Para prajurit yang ragu-ragu dan berbalik mendengar teriakan dari monster es itu, mata mereka terbelalak karena alasan lain.

Di pundak monster yang berada di barisan depan, mereka melihat sosok seseorang yang mereka kenal baik: Archduke Orden yang berwajah pucat.

Ini namanya Vincent.....dan mereka tidak akan menyerangmu.

Vincent.....Apa yang kau katakan?

Aku datang untuk membantumu mundur. Tidak ada waktu, jadi naiklah ke kapal!

....Mundur? Maksudmu Troll Glatcher itu?

Jangan khawatir, sang pangeran yang memegang kendali.

Pernyataan itu membuatku ragu dengan apa yang kudengar, tapi sungguh, ketiga monster itu berlutut dan merendahkan postur tubuh mereka secara bersamaan!

Aku ternganga takjub melihat pemandangan yang luar biasa itu, tetapi yang mengejutkan, ada penumpang di atas monster es tersebut. Sang pangeran, para ksatria, Inkuisitor, dan bahkan wajah-wajah ketakutan beberapa prajuritnya.

Pada saat itu, pangeran yang menempel di kepala Bingsu No. 1 mengintip keluar dan memperingatkannya.

Setidaknya sampai setinggi bahu! Itu bagian yang paling sedikit turun saat berlari!

.........

Ah! Jangan naik yang ketiga. Dia jatuh beberapa kali di perjalanan ke sini. Kalau tidak hati-hati, kamu bisa berakhir tertimpa tumpukan es!

Para prajurit, yang dirasuki sesuatu, ragu-ragu dan memanjat tubuh monster es itu.

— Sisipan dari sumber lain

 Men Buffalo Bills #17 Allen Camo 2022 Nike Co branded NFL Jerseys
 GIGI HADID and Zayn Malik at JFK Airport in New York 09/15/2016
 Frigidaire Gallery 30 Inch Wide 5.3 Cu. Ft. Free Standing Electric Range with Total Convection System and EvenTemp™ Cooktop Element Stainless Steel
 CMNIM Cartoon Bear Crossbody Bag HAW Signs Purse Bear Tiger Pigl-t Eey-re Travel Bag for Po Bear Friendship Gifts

Saat mereka mengambil posisi di dekat bahunya

Baiklah, kalau begitu mari kita pergi.

Kata-kata sang pangeran sebagai sebuah isyarat.

Kururur.

Tiga Troll Glatcher perlahan bangkit, menimbulkan suara berat.

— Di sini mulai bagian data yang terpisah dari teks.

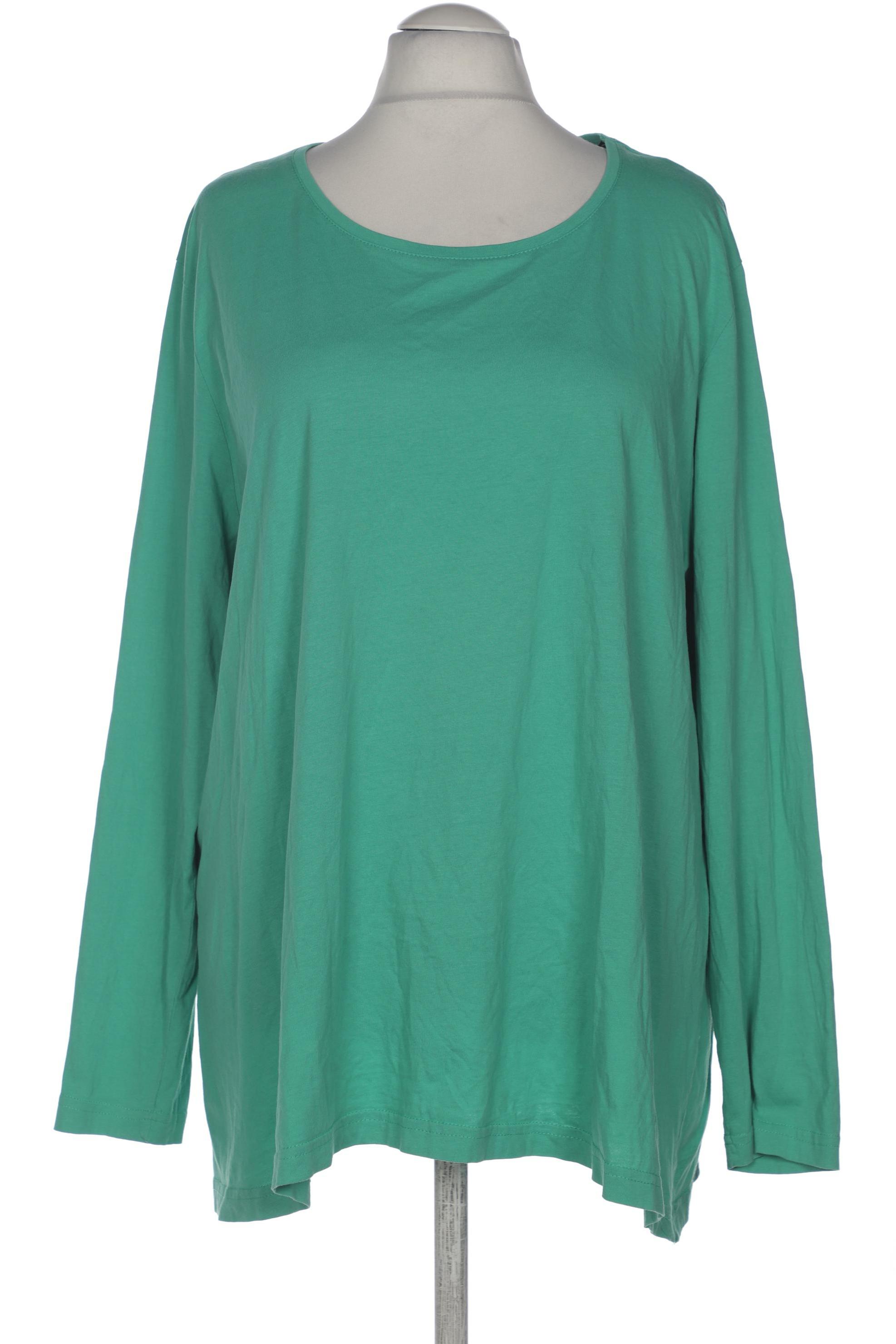 

Ulla Popken Damen Langarmshirt, grün, Gr. 54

Pegang erat-erat! Jangan lupa lindungi kepala dan lehermu dengan Auror!

Kata-kata sang pangeran teredam oleh angin dan tidak terdengar dengan jelas. Percepatan mendadak para monster menyebabkan angin kencang menerpa wajah mereka.

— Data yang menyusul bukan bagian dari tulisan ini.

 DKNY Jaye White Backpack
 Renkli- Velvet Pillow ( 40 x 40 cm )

Para tentara berteriak sambil meraih bongkahan es yang telah mereka tangkap.

Knock knock!

Dan sekali lagi, udara di lembah bergetar hebat, dan salju di tebing berjatuhan dengan suara gemericik.

'Kita sudah terlalu lama menunda!'

Sementara itu, Seongjin, yang mengendalikan ketiga Bingsu, merasa cemas dalam banyak hal.

Sekarang setelah aku memiliki penumpang dan pengetahuan yang cukup, butuh waktu lebih lama dari yang aku perkirakan untuk meyakinkan para tentara yang pertama kali aku temui untuk naik ke atas es serut.

Yah, sebenarnya tidak sulit untuk dipahami. Lagipula, mereka telah menghabiskan seluruh hidup mereka melawan iblis di Dunia Iblis.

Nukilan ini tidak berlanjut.